# white Husky or German shepherd?



## meetbella (Nov 18, 2012)

i got this puppy about 3months ago, and i did not get to see the parents, when i got her i was thinking that she was 8 weeks old which she then weighted 11 lbs.... she is now about 5-6 months, im not sure of what her weight is as the moment. She seems to like to "talk" to use when she wants to give us attitude but doesnt just howl for no reason. When she is in her cage for long periods of time she will start to cry but its more like a howling.
When i go places with my puppy people always stop me and ask either "is that a german sherpherd" or "is that a husky?" and to this day i still wonder which she is, Now im not sure if you can tell in the picture but she has really light blue eyes, which are so pretty.
So what do yall think. husky or German shepherd?


----------



## Daenerys (Jul 30, 2011)

Looks like a husky to me! I think with the blue eyes it's highly unlikely she's a German shepherd. I have a white husky too and always get asked if he is a husky or German shepherd. Here are his pictures so you can compare. They look very similar! Mine is just a little more fluffy, I think, and mine has a "liver" colored nose, but Sibe, another member on here, has an all white husky with a black nose like yours.

5 months old:










1 year old:



















1.5 years old:


----------



## Spirit_of_Cotons (Jun 21, 2009)

I say Husky too. Also when you said your dog howls/talks a lot, those are more of the characteristics of a Husky than a GSD. Cute dog. And Daenerys, your Husky is cute too.


----------



## HollowHeaven (Feb 5, 2012)

I'm going to confidently say the dog is a Siberian Husky. She's definitely got her eye liner on!

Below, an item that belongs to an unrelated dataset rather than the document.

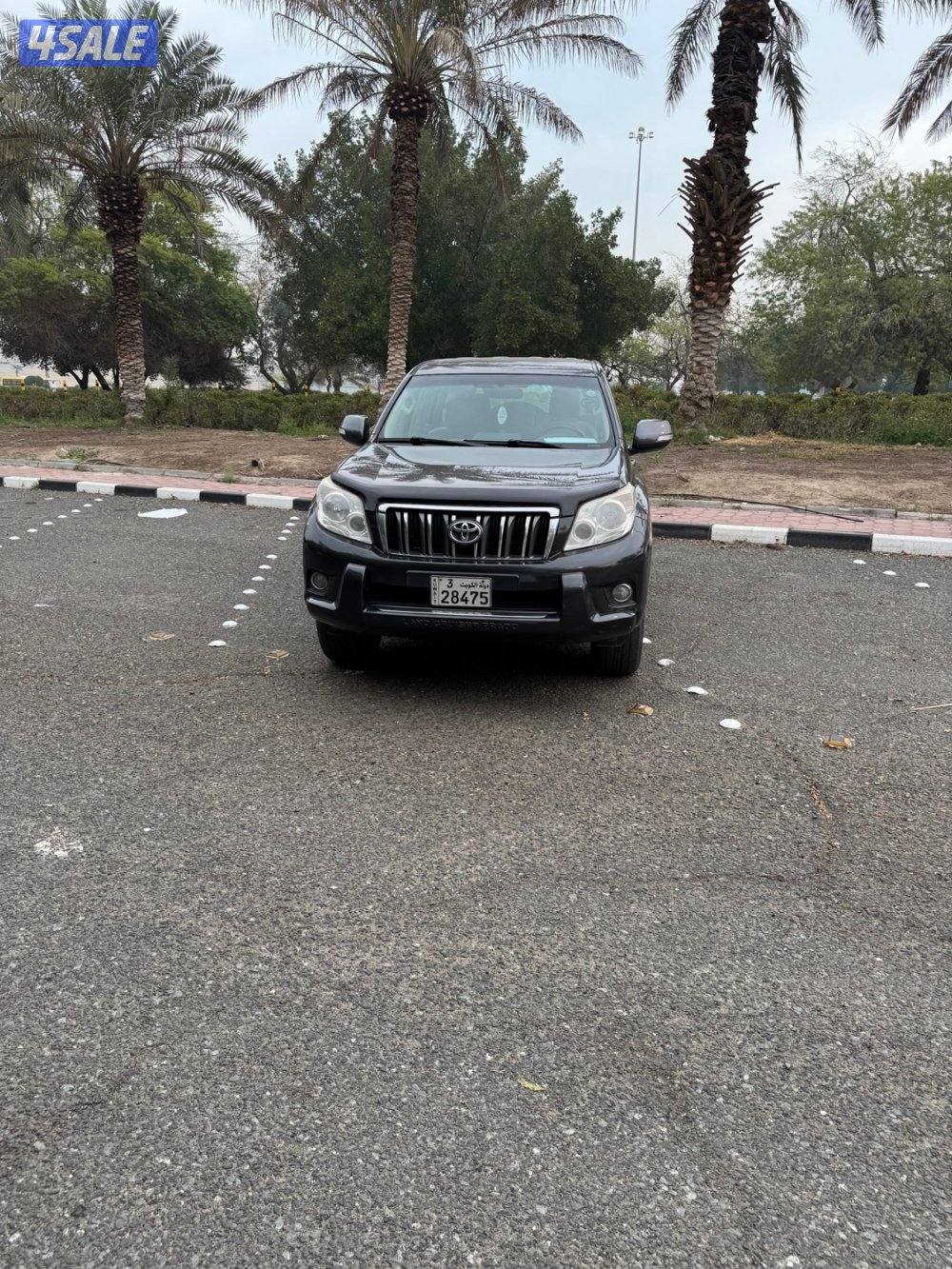 للبيع برادو 20121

Mine used to have the eyeliner, but it faded a little as she got older. She's still got a little black though!


----------



## PackMomma (Sep 26, 2011)

Siberian Husky, I don't *believe* the white GSDs carry the blue eye's.. but I'm not positive on that. If they do, I would imagine its not very common.


----------



## LittleFr0g (Jun 11, 2007)

I'd actually say husky/GSD cross. She definitely does look husky, particularly with those blue eyes, but those ears just scream GSD. Way too big to be pure husky, lol.


----------



## meetbella (Nov 18, 2012)

Kuma'sMom said:


> I'd actually say husky/GSD cross. She definitely does look husky, particularly with those blue eyes, but those ears just scream GSD. Way too big to be pure husky, lol.

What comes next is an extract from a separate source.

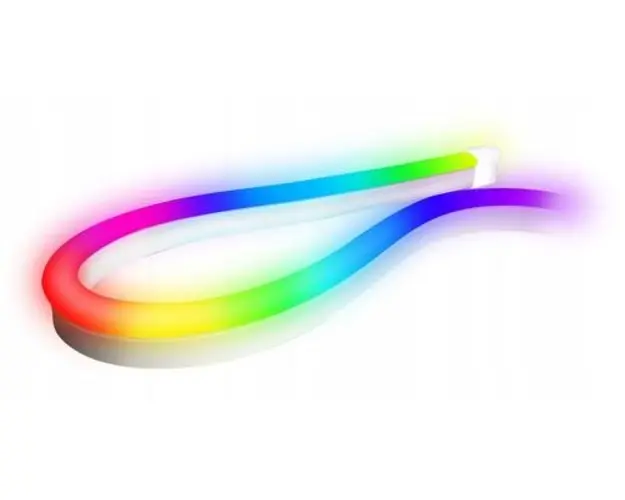 Banda LED Razer Chroma Light Strip Expansion Kit, iluminare RGB, 1x 100 cm, 2x 50 cm, 3-pin 5V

thats exactly what i was thinking about her ears, as well as she has a longer snout, compaired to other huskys her age it seems,


----------



## Daenerys (Jul 30, 2011)

Faolan has pretty big ears too, though, and I know for sure he is pure husky. Could a GSD x Husky even have blue eyes?


----------



## LittleFr0g (Jun 11, 2007)

Faolan has big ears for a husky, but nowhere near the size of the OP's dog. And yes, if a GSD were mixes with a breed, like a husky that can have blue eyes, the mix could have blue eyes as well.


----------



## Daenerys (Jul 30, 2011)

Ok, for some reason I didn't think a GSD x Husky could have blue eyes. But if the OPs dog is a mix I think she takes more after the husky than the GSD.


----------



## HollowHeaven (Feb 5, 2012)

Kuma'sMom said:


> I'd actually say husky/GSD cross.


I'd buy this.


----------



## Abbylynn (Jul 7, 2011)

Beautiful dog no matter what the mix/or not!


----------



## vertigo210 (Jul 22, 2012)

I'm going to go with Husky as well, especially due to the eye color. I've attached a picture of Ice who is pure husky for comparison.


----------



## Julee and Embyr (Jun 26, 2011)

Definitely a GSD x Husky.


----------